Matrix Multilateralism - Megatrends, the SDGs, and Implications for the FutureLogin Subscribe now
John W. McArthur is a Senior Fellow in the Global Economy and Development Program at the Brookings Institution, and a Senior Advisor at the UN Foundation. You may follow him on Twitter @McArthur
THE MOST important thing to recognize about today’s “multilateral system” is that it is no longer a singular system. Instead, it is an interwoven system of systems. In 2016, this distinction forms a crucial backdrop for two key reasons. First, the international community will soon select a new UN Secretary-General, long seen as the leading figure among official multilateral actors. This person will take office at a pivotal moment in the course of global collective action. Second, and relatedly, this year marks the first implementation year of the Sustainable Development Goals (SDGs), which all 193 UN member states recently established as part of the ambitious UN 2030 Agenda for Sustainable Development. If the SDGs are to have any hope of being achieved, new approaches to multilateral cooperation are needed urgently.
As a political consensus, the SDGs serve as shorthand for the current global agenda—promoting peaceful prosperity and sustainability, while tackling inequalities and exclusion. These are common priorities for all countries. Concurrently, as a policy construct, the SDGs pull together 17 disparate academic, industry, public sector, and civil society constituencies like no agenda ever before.

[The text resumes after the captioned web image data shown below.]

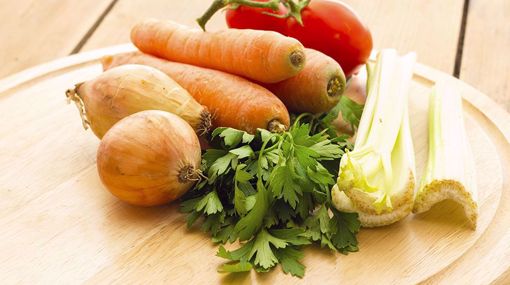 MIX PER BRODO VEGETALE  DA 250 Gr  La confezione contiene in quantità variabile: sedano + carote + cipolla + pomodoro + prezzemolo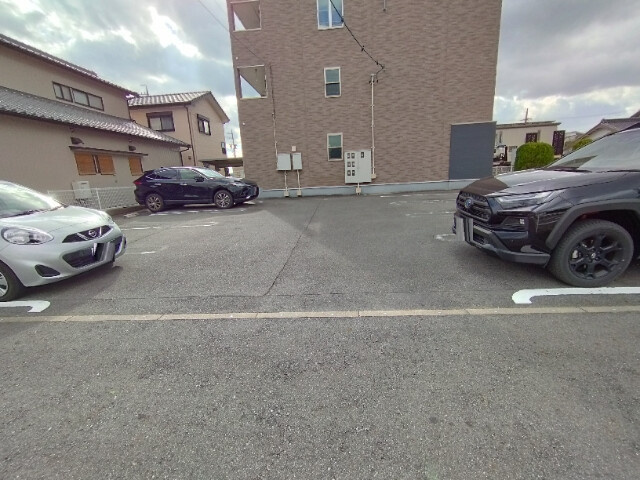 プラシードの駐車場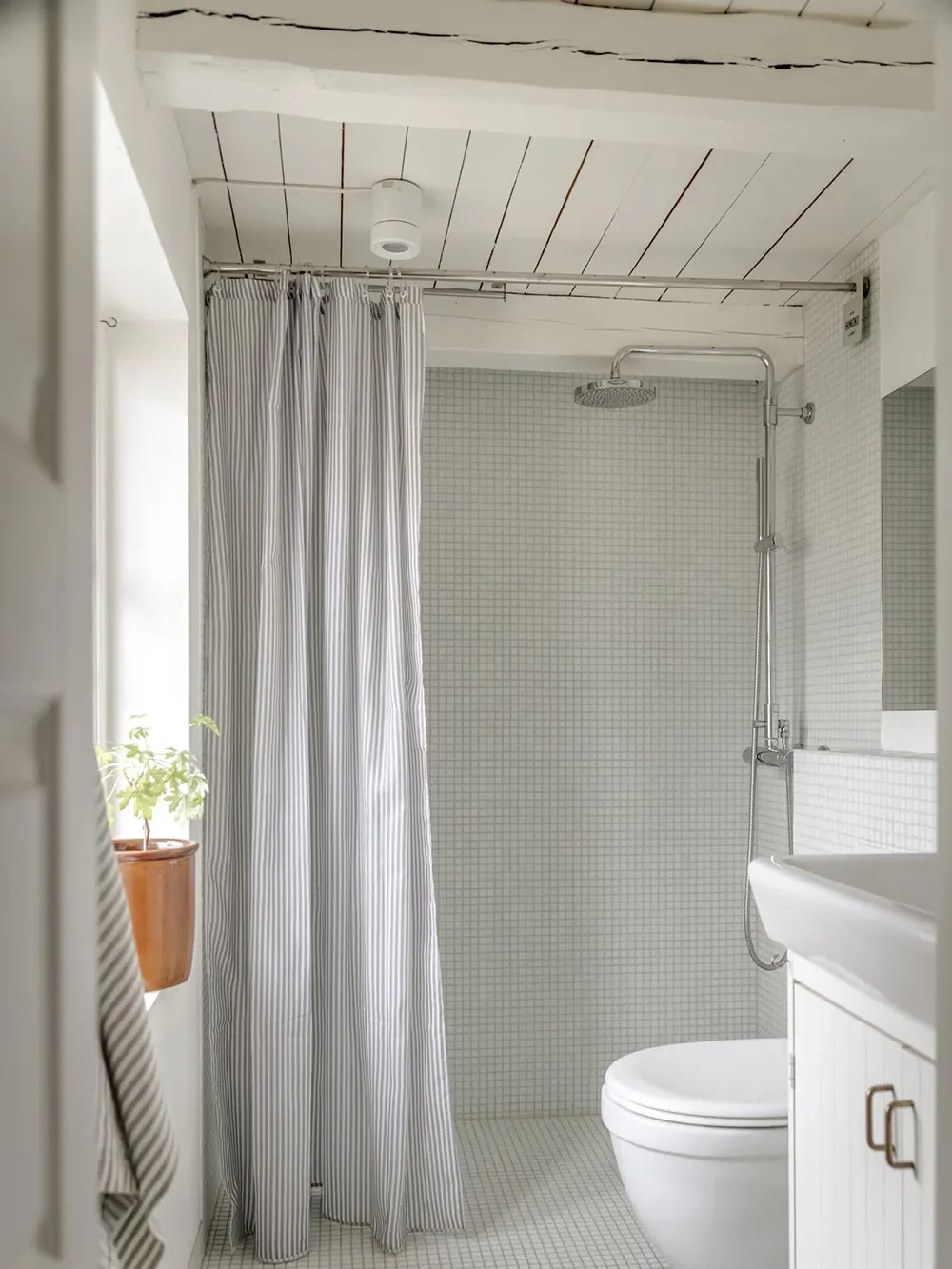 Просторные и тёплые интерьеры бывшей фермы в Швеции - Gallery image 25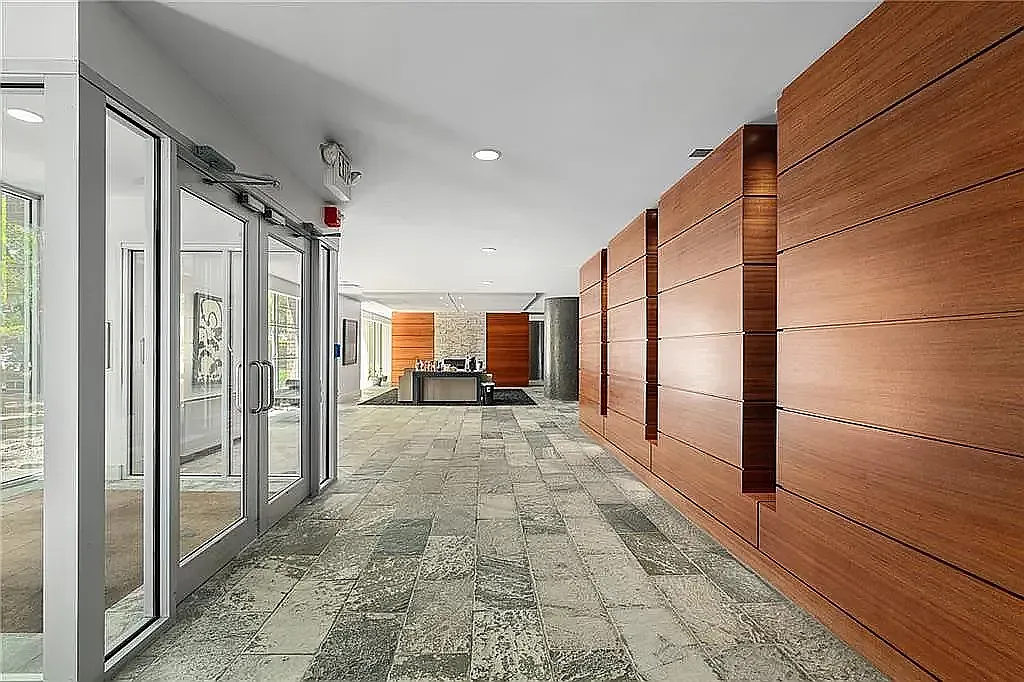 Studio, 500 sqft, $900 — Photo 4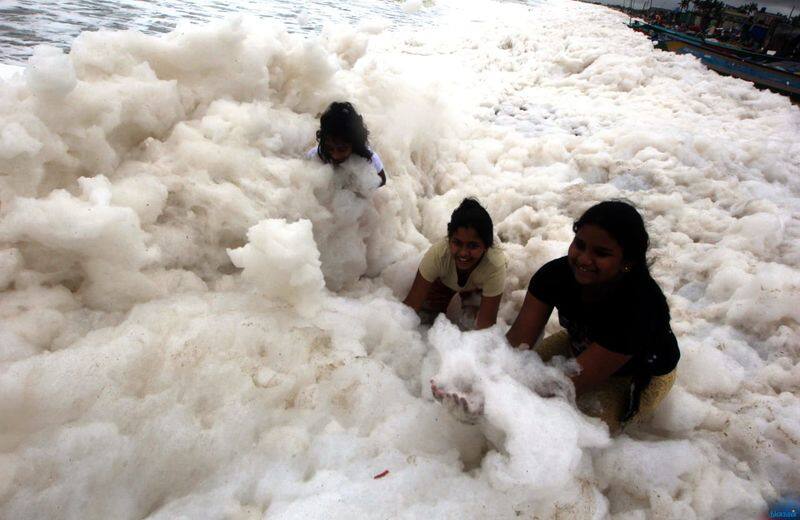 chennai seas around white foam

For the new Secretary-General, the challenge will be to figure out how to support global efforts so that all the relevant constituencies can make the necessary progress at the same time. This is a daunting task, one that can best begin with recognition of the deep tectonic shifts underway in the world’s economic, social, and environmental systems. It then requires a basic mapping of the various kinds of ongoing efforts that aim to address frontier challenges. This context is essential for charting a needed strategy that can bridge gaps and spur coalitions forward.
Any global policy leader taking office in 2017 will face a profoundly different operating context than their recent predecessors. As I have written elsewhere, along with Margaret Biggs of Queen’s University, Eric Werker of Simon Fraser University, and other colleagues, the first megatrend to keep in mind is the rise of so-called “developing economies” and the corresponding rebalancing of global power.